Instructions for the task: Return every entry below word for word and leave out any picture.

BEGIN Exercise data

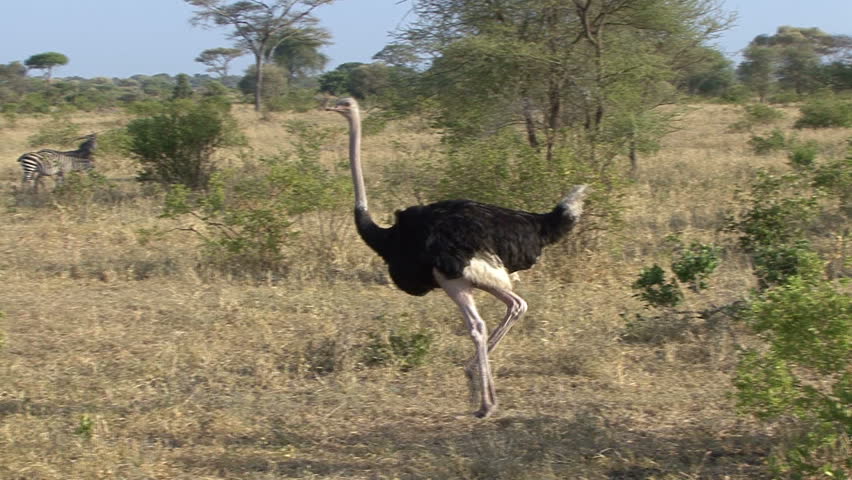 A Pair Of Ostrich Walk By Zebra In Tanzania, Africa. Stock Footage ...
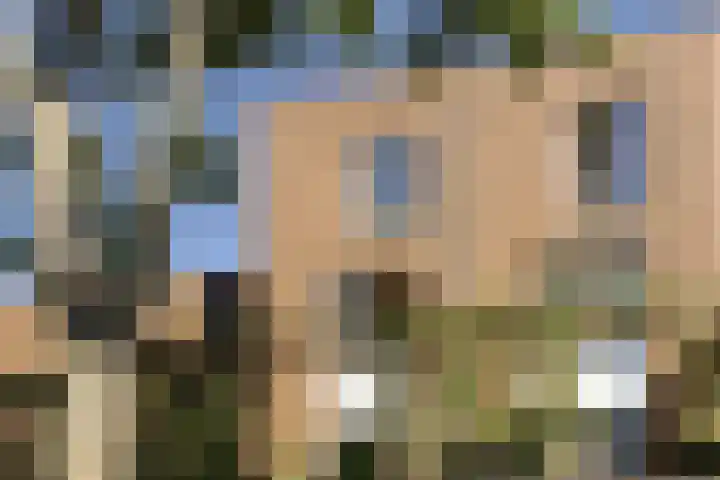 Sliffertsestraat 38 Eindhoven thumbnail 7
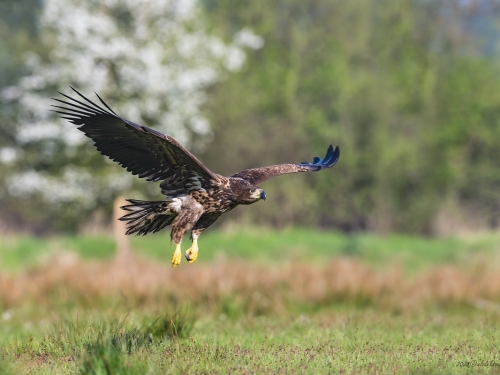 Bielik (ang. White-tailed Eagle, łac. Haliaeetus albicilla) - 8190- Fotografia Przyrodnicza - WlodekSmardz.pl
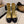 CC 2025 Lace-up Combat Boot Beige Black Leather 548116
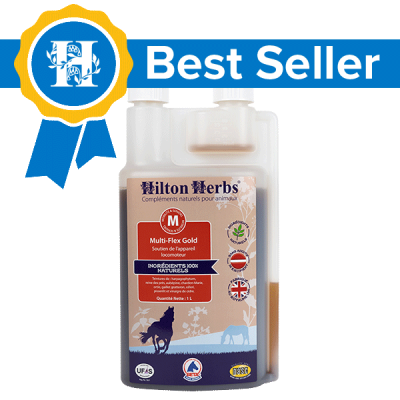 Hilton Herbs - Multi-Flex Gold 1 litre
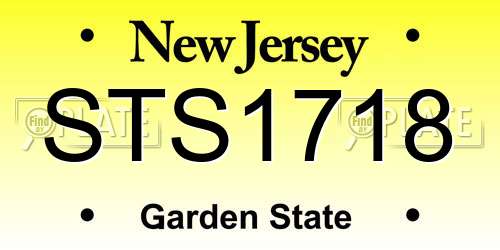 STS1718 New Jersey License Plate
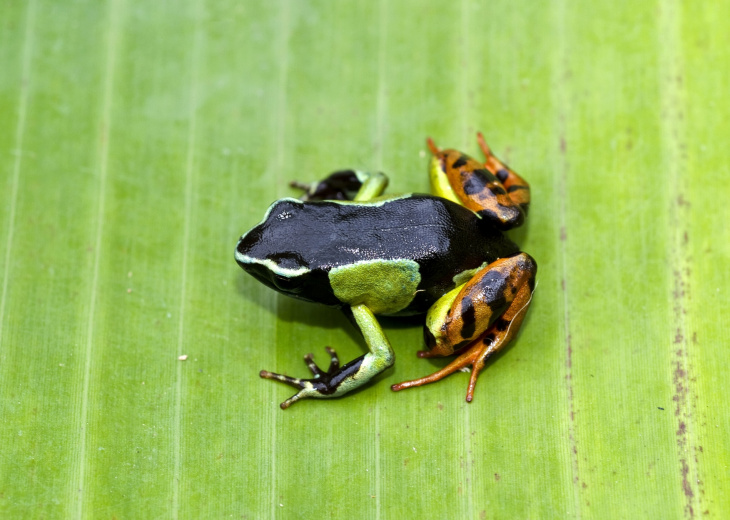 grenouille-malgache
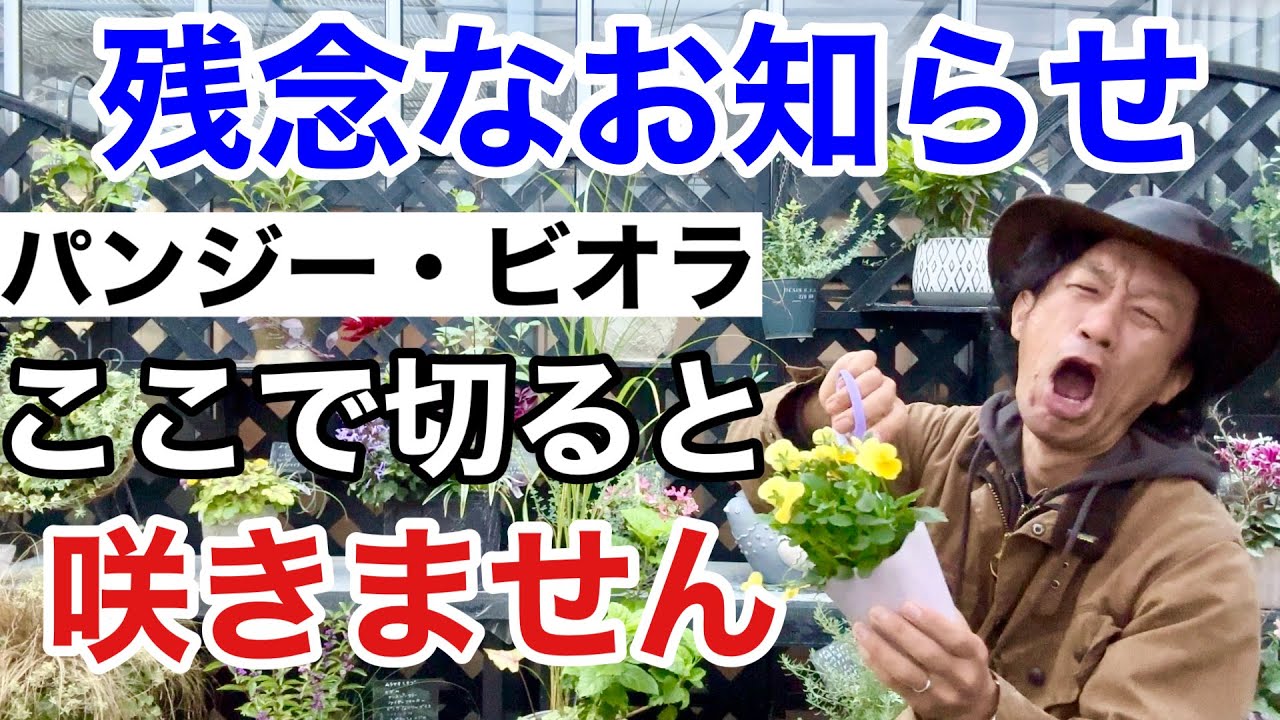 【要注意】パンジー・ビオラの正しい切り方教えます　　【カーメン君】【園芸】【ガーデニング】【初心者】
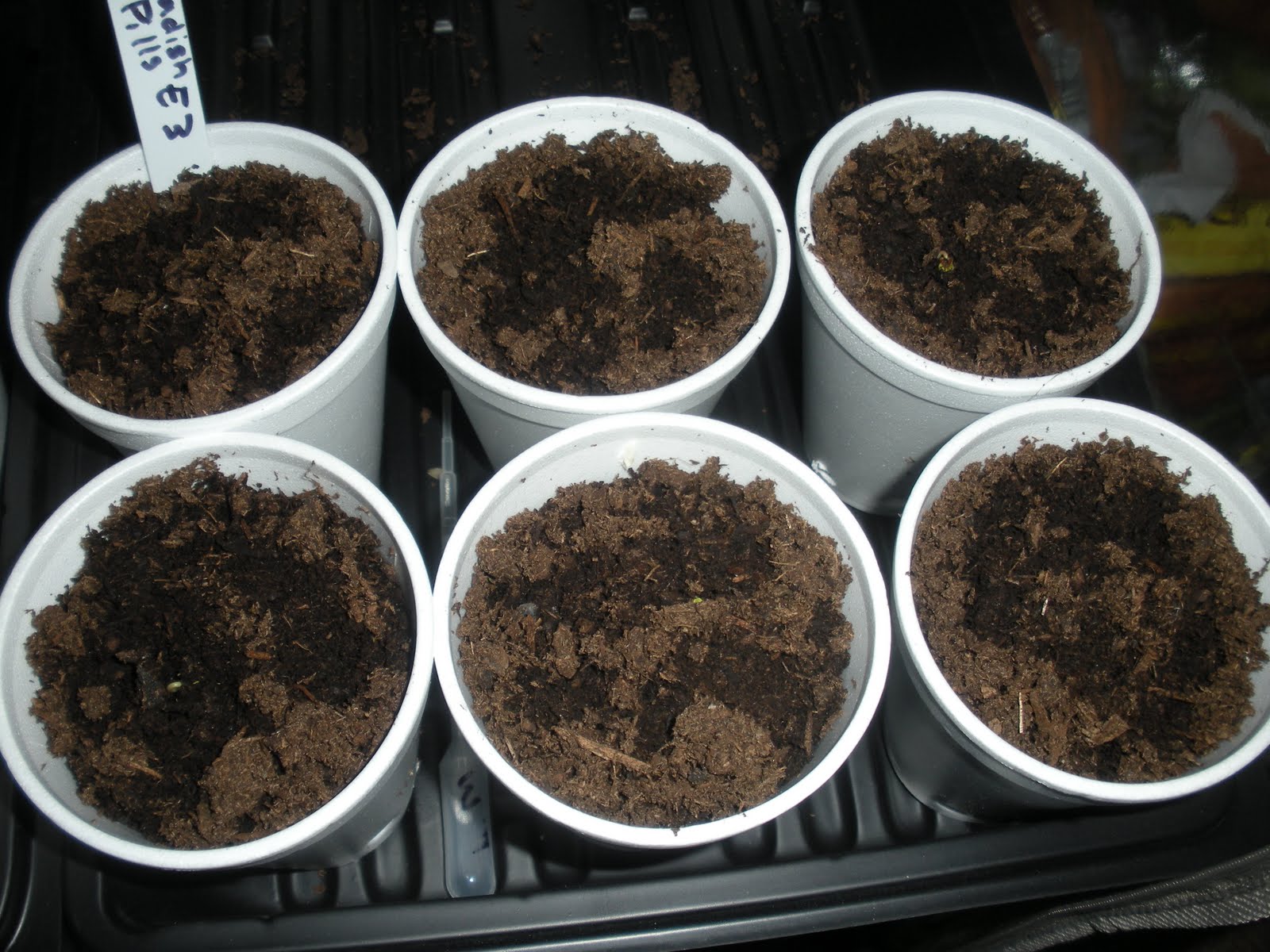 Caffeine Effects on Plants Week 1 Pictures & Observation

END Exercise data

Written solution:
 A Pair Of Ostrich Walk By Zebra In Tanzania, Africa. Stock Footage ...
 Sliffertsestraat 38 Eindhoven thumbnail 7
 Bielik (ang. White-tailed Eagle, łac. Haliaeetus albicilla) - 8190- Fotografia Przyrodnicza - WlodekSmardz.pl
 CC 2025 Lace-up Combat Boot Beige Black Leather 548116
 Hilton Herbs - Multi-Flex Gold 1 litre
 STS1718 New Jersey License Plate
 grenouille-malgache
 【要注意】パンジー・ビオラの正しい切り方教えます　　【カーメン君】【園芸】【ガーデニング】【初心者】
 Caffeine Effects on Plants Week 1 Pictures & Observation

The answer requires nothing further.